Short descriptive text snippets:
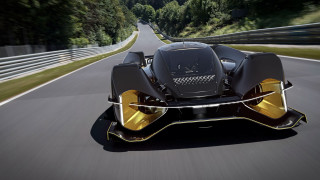Black gold car forest road - gold free wallpaper for desktop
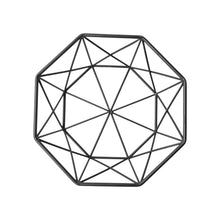Load image into Gallery viewer, Geometric Decorative Bowl - Black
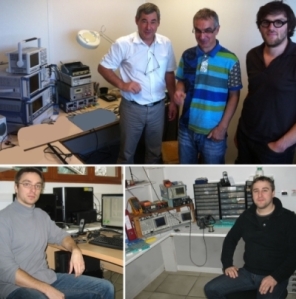 Il team di ingegneri XP: Alain, Jean, Louis, Germain, Cedric e Julien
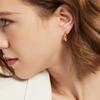Korean Style Geometric Circle Earrings: Elegant, Versatile Ear Jewelry for Women and Students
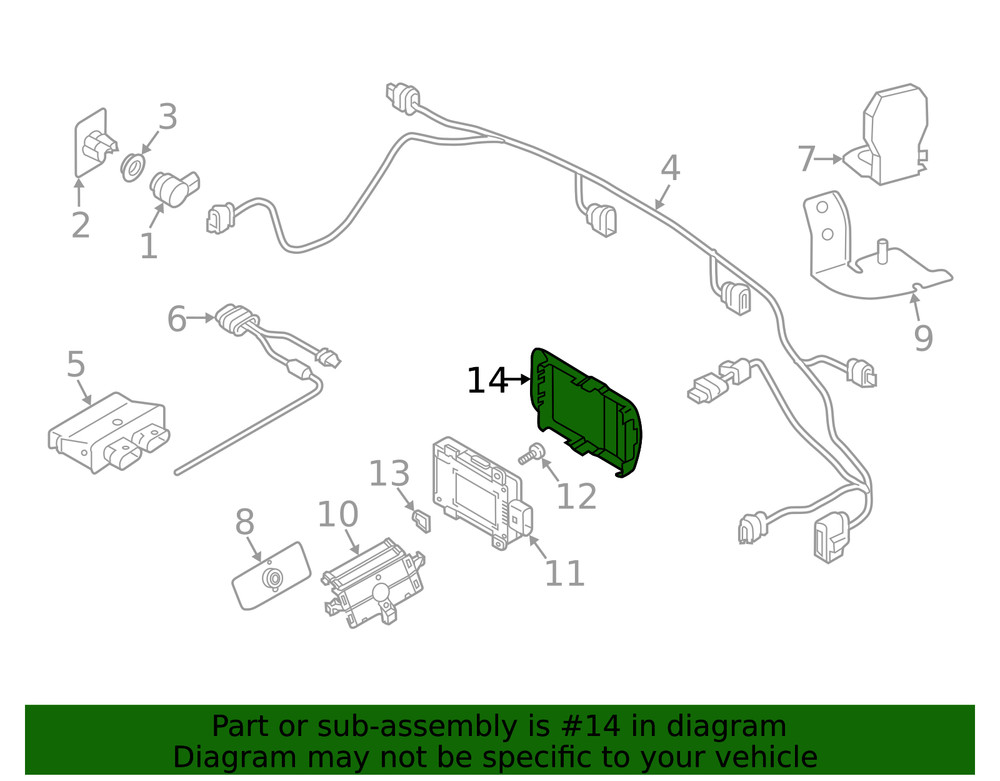 Genuine Audi Shield 4N0-907-694-A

→ **EXERCISE AIM**
Leave the pictures out, and retype exactly the lines from the one containing "Load image into" through the last line of the entries above, both included.

→ **SOLVED EXERCISE**
Load image into Gallery viewer, Geometric Decorative Bowl - Black
 Il team di ingegneri XP: Alain, Jean, Louis, Germain, Cedric e Julien
Korean Style Geometric Circle Earrings: Elegant, Versatile Ear Jewelry for Women and Students
 Genuine Audi Shield 4N0-907-694-A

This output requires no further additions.